Le reportage, qui semble avoir été filmé quelque temps à peine avant sa suspension pour cause de crise sanitaire mondiale, ne sert pas la révolte de la jeunesse qui y est montrée comme une catégorie dépravée, portée sur l’alcool et les mœurs gotiques extravagantes. On y voit des filles, à peine sorties de l’adolescence, fumant et consommant des boissons alcoolisées à visage découvert, si bien qu’on se demande si les «figurants» qui ont accepté d’apparaître dans ce documentaire n’ont pas été «remerciés» pour leur prestation par un aller sans retour en France.

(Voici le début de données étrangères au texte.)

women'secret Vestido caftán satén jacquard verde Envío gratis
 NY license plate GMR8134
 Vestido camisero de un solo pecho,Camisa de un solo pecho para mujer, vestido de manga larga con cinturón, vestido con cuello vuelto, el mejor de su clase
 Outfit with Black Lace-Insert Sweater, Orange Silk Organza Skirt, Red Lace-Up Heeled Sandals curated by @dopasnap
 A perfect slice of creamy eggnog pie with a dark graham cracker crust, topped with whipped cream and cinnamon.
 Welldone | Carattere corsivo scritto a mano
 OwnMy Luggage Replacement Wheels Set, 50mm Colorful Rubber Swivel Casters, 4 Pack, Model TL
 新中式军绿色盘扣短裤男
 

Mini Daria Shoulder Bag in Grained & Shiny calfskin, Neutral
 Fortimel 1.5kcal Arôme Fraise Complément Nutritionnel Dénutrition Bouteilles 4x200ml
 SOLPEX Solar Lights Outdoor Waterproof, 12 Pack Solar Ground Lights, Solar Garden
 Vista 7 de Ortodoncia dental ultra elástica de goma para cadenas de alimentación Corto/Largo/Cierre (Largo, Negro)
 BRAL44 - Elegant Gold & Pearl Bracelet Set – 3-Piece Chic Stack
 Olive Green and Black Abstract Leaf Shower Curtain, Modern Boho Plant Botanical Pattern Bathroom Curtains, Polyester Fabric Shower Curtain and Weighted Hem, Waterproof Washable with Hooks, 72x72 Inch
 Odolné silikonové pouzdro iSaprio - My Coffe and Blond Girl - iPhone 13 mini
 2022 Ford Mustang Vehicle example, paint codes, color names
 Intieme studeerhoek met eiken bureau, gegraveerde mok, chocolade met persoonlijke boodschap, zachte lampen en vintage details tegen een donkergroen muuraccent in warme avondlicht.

Il est difficile de croire, en effet, qu’en s’étant ainsi exposés sans floutage, les participants à cette mise en scène grotesque puissent continuer de vivre «normalement» au sein d’une société dont ils critiquent, justement, le caractère rigide, sclérosé, fermé. Or, les millions d’Algériens qui se sont soulevés contre le cinquième mandat de Bouteflika, le 22 février 2019, n’ont aucunement intégré le débat social dans leur démarche concentrée sur l’exigence d’un changement radical de régime.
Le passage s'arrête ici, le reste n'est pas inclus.